姿を消した備品部で、それぞれ強張っていた肩を落とす。
無口で何を考えているのか不明な斉藤に、備品部の者たちは、何かしてくるのではないかと慄いていたのだ。
斉藤が備品部に訪れている頃、深泉組の待機部屋では……。
いつものように、うるさいぐらいに賑わっていた。
近藤隊は、ほぼ全員揃っており、芹沢隊や新見隊の隊員たちは、ちらほらと出かけずに部屋に残っている者もいた。
近藤隊長を初めとする多くの隊員は、書類を書いており、原田班や永倉班が個々におしゃべりや、賭け事に興じて、有意義な時間を楽しんでいる。
外回りから戻ってきたばかりの島田班が、報告書を副隊長の土方に提出するために、真面目に書いていた。
「有間さん、チェックお願いします」
島田班の下っ端である三浦が、島田班で補佐をしている有間に、でき上がったばかりの報告書のチェックを頼んだ。伍長である島田は、仕事後の一杯と言って、グビグビと酒を煽っていた。
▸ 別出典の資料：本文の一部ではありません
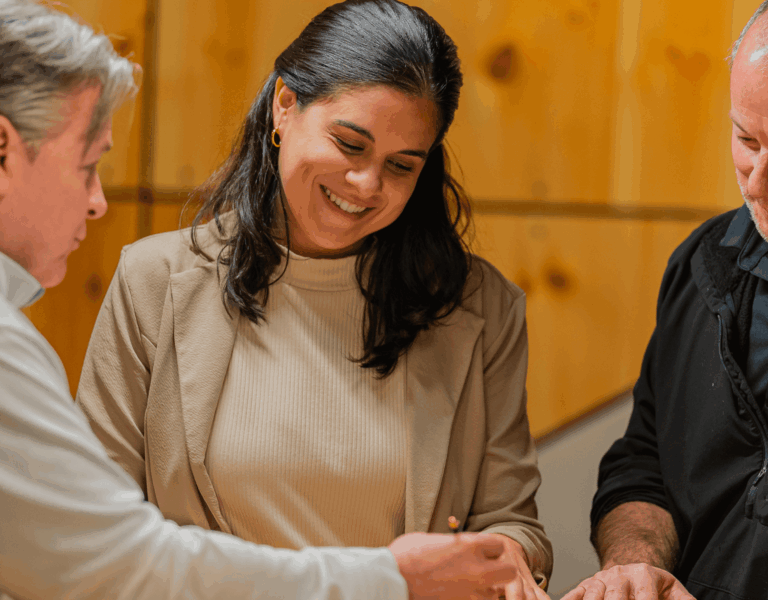 A business owner smiling while meeting with two business consultants during a confidential coaching session.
快く受け取った有間が、間違っているところに赤を入れるために、赤いペンを探すが見つからない。
「あれ? 赤いペンがない」
机の中を探そうとしている有間に、近くでしゃべっていた原田が、気前よく赤いペンを取り出す。
「俺のを使え」
赤いペンを、有間目掛け、軽く投げる。
綺麗な放物線を描いて、赤いペンが有間の手に入った。
「ありがとうございます、原田伍長」
「いい。気にするな」
原田や有間のやり取りを、沖田が何気なく観察していた。
不意に、視線の矛先が土方に移っている。
書類を止めるクリップを探しているようで、自らの机にないとわかると、立ち上がり、迷うことなく、不在の斉藤の机の引き出しから、クリップを取り出した。
斉藤の机の引き出しに、きちんと整理された文房具が揃っていたのである。
当たり前のように、土方が自分の机に戻っていった。
賭け事に興じていた原田班の鳥居と永倉班の秋吉が、勝敗表を書いていたペンが、乱暴に扱っていたせいか、インクが出なくなってしまう。
「出ないな」
「だな」
無造作に投げ捨て、自分たちのテリトリーにあるペンを取り出し、書き始めていた。
提出予定の書類に、保科やノールがてこずっている間に、自分が書く書類をすべて終わらせて、暇を弄んでいる状態だった。そのせいか、周囲に視線がいってしまい、沖田は隊員たちの行動を眺めて、楽しんでいたのだった。
面白い隊員たちの行動に、顔を綻ばせていたのだ。
「安富さん、聞いてもよろしいですか?」
「何だ?」
「どうして、文房具の備品を、みなさん斉藤伍長の机からあさって、使っているのでしょうか。備品棚から出せばいいのではないでしょうか?」
これまで感じていた疑問を、きょとんしている安富にぶつけた。
「?」
言っている意味がわからず、首を傾げる。
「安富さんが使っているペン、斉藤始って、書かれていますよ」
使っているペンに、小さく斉藤始と書かれている。
ギョッとする安富。
まさか、斉藤の持ち物を、使っている意識がなかった。
「ノールさんや、保科さんのも。それに、みなさんが使っているペンにも、しっかりと斉藤始って、書いてありますよ。ちなみに、土方副隊長は、どうして備品棚ではなく、斉藤伍長の机の引き出しから、クリップを取り出したのですか?」
「……」
(あ、兄さん。固まっているぞ。面白いな)
ノールや保科、土方がそれぞれ手に持っているものに、斉藤始と書かれているのを確認した。沖田に言われても、半信半疑だったが、手にしているものに、しっかりと斉藤の名前が書かれていたので、何も言い返すことができない。
「ホントか」
少し離れているところにいた原田が、無邪気に突っ込んだ。
「本当ですよ」
「どれ」
面白がるように、自らのポケットをあさって、ペンを出して、名前を探す。
「あ! ホントだ」
目を輝かせる原田。
そして、視界は別のところに向かっていた。
「どれ」
近くで、書類を真面目に書いていた井上からペンを奪い取った。
「これにも、書いてあるぞ」
「えっ」
驚きを隠せない井上。
原田から今まで使っていたペンを返して貰うと、そこにしっかりと綺麗な文字で、斉藤始と書かれている。
自分のものに、書かれていないと高を括っていたのだ。
「嘘でしょう……」
まだどこか、疑心暗鬼な井上は、別なペンも確かめるが、そのペンにも、斉藤始と書かれていたのである。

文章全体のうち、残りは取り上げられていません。